So my bags are packed and I’m ready to go. This afternoon, I’ll be on the road again. One of the parts of my job I have loved as a professional genealogist is the travel. I have travelled across 38 states and around the world conducting the business of family history: presenting, researching, business development, and more. Having taken all of these trips, I have some general travel tips for you.
1. Save Suitcase Space
Are you taking an extended trip? I’m often gone for ten to fourteen days or more. Work clothes, relaxing clothes, shoes, computer equipment. This can take up tons of space. Now, when I pack, I cut back on the clothes. I bring enough clothes for four or five days. Then I do laundry while I’m on the road. Many hotels have laundry rooms where you can wash your own clothes. If not, there is probably a laundromat nearby. A last resort is to have the hotel launder your clothes for you. When choosing the last option, I try to find their rates online first so I can budget for it appropriately.

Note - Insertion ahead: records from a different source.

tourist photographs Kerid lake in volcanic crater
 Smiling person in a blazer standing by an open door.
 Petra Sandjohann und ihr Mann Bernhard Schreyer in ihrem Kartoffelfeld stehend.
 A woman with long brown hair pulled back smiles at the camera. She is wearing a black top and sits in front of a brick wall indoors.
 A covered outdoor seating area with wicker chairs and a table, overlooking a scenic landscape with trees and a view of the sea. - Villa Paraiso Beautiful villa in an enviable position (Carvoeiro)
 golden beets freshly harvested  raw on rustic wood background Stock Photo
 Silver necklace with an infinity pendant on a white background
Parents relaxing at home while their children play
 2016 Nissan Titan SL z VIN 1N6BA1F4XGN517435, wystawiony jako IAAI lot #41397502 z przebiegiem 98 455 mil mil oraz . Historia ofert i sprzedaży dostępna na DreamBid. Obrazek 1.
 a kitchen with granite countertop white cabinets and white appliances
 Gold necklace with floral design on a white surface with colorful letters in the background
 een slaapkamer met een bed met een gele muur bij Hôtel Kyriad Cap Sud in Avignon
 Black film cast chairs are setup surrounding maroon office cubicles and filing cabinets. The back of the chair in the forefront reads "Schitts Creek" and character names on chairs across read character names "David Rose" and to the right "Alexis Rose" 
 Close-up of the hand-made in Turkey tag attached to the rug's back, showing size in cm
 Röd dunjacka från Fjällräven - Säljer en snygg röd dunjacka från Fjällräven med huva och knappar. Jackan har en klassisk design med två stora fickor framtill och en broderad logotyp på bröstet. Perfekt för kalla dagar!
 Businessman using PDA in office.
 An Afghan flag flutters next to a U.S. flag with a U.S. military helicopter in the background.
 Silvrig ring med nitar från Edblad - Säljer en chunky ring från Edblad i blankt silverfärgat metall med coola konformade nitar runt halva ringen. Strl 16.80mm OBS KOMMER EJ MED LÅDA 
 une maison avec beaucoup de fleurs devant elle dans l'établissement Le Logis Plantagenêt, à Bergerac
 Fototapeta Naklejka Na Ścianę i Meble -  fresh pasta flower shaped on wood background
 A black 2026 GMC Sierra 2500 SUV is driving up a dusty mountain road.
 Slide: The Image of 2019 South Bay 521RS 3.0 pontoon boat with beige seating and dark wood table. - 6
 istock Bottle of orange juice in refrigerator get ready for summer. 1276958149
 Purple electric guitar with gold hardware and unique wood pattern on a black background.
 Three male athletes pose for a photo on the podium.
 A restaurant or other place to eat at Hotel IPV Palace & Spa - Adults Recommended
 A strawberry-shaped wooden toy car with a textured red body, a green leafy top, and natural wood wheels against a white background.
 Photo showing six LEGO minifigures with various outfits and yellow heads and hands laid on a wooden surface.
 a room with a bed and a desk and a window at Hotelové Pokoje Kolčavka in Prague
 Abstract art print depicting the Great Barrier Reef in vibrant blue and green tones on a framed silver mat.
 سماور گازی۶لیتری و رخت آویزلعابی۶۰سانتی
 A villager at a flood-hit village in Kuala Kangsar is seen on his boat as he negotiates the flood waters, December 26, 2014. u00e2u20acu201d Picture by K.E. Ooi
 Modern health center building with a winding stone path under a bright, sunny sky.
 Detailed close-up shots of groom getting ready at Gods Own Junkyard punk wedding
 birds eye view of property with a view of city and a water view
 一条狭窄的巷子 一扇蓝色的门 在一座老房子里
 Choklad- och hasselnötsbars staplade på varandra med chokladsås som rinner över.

2. Plan for Getting Stuff Home
In the old days, I remember taking trips to Salt Lake City and making reams of photocopies. I would ship an entire box of paper home (Although there were times I carried the paper onto the plane with me and shipped my clothes home!). Nowadays, there is far less paper and far more electronic products. Last year when I was in London I was faced with a dilemma. I had packed my suitcase so carefully to get there and was very proud of myself that everything fit. Then came the time to pack to fly home. I was faced with a bunch of photocopies, used books, souvenirs for my nieces, and other items. And zero space in the suitcase. I had to borrow a suitcase from my friend Audrey. This year, I’m intentionally bringing an extra suitcase. Packed very lightly for the trip over. But when it is time to come home, there should be no problem with bringing stuff home.
3. Bank Fees
Banks can charge exorbitant fees nowadays. ATM fees, especially can add up. Not only does my bank not charge me ATM fees, they reimburse me the fees that other banks charge. This saves me lots of money when I’m on the road. When travelling internationally, I use the ATM when I arrive to obtain cash in the local currency. Even paying an ATM fee is often less than getting currency from a bank at home. And I put as much as possible on my debit card, which usually charges no fees at all.
4. Supermarket Run
Think about how much money you spend on your trips, running into convenience stores for bottles of water or soda, snacks, and more. Whenever I arrive in Salt Lake City, the first thing I do after checking in is run to the local supermarket. I buy snacks, fruit, and a case or two of water. Over the course of the trip, I end up spending far less money than I would have otherwise for such items. The case of water alone usually saves $20-25.
5. Get Your Passport
Percentagewise, fewer Americans have their passports than most European countries. People often think an overseas trip is so expensive. While the expenses can add up, having your passport frees you up to take advantage of last-minute deals from airlines, hotels, and travel websites. These can save you hundreds of dollars or more. But you won’t be able to wait months to get your passport. And if you pay the rush fees, you will soak up much of your cost savings.